Like everyone I guess, I had hoped to make a living making the most perfect and important form of movie making today: video art. But despite reading all the latest texts and renewing my Artforum subscription, I lacked a signature style, which in the art world is like making marks without being branded. Everything you do is invisible. Openings become pretend celebrations, pity parties attended by friends and other artists on the way up. No logo equals no career.

I began shooting pornography, converting my talents for patient observation and meticulous lighting to the business of sexual choreography. Once, I got tied up in a giant frying pan, basted in oil like a chicken. It was a boy-boy scene where the main never showed, and the other guy was going to eat me.

Days were long but the drugs were good and so was the pay, until internet streams lowered the price of production. Lighting, plots and costumes felt like the good old days.

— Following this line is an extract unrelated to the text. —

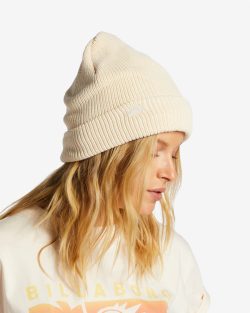 Billabong Roamer beanie white cap (A/DIV) - Afbeelding 3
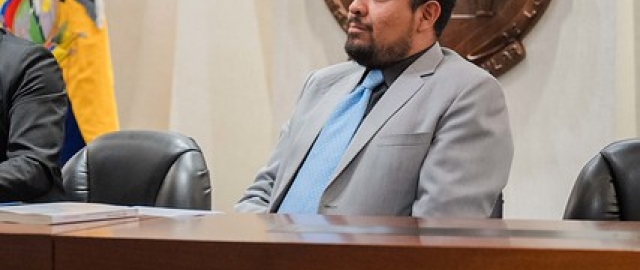 Lanzamiento del libro “Ángel Felicísimo Rojas: contexto, crítica y vanguardismo en la literatura ecuatoriana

Now I mostly film birds and butterflies, who are a lot like porn stars actually. It’s hard for them to sit still, they show up on their own schedules, and they have their own language. It took me a long time to catch on to the slang, the jargon, the subtle shifts in tone that might mean: I like you, but just don’t stand too close, ok? Or even: please don’t take my picture, you’re not a bird, what do you know about birds? I try to respect that, you know, even though it’s hard to explain to my boss.

What I find strange is the videos these moments end up in. You rarely hear the birds, or any kind of nature sound. I guess nature’s not entertaining enough. And in place of birds, there’s always a voice from some human going on and on. If I ever start working on my own movies again, I won’t make the same mistake. I’ll let the birds and butterflies speak for themselves because they’ve got plenty to say.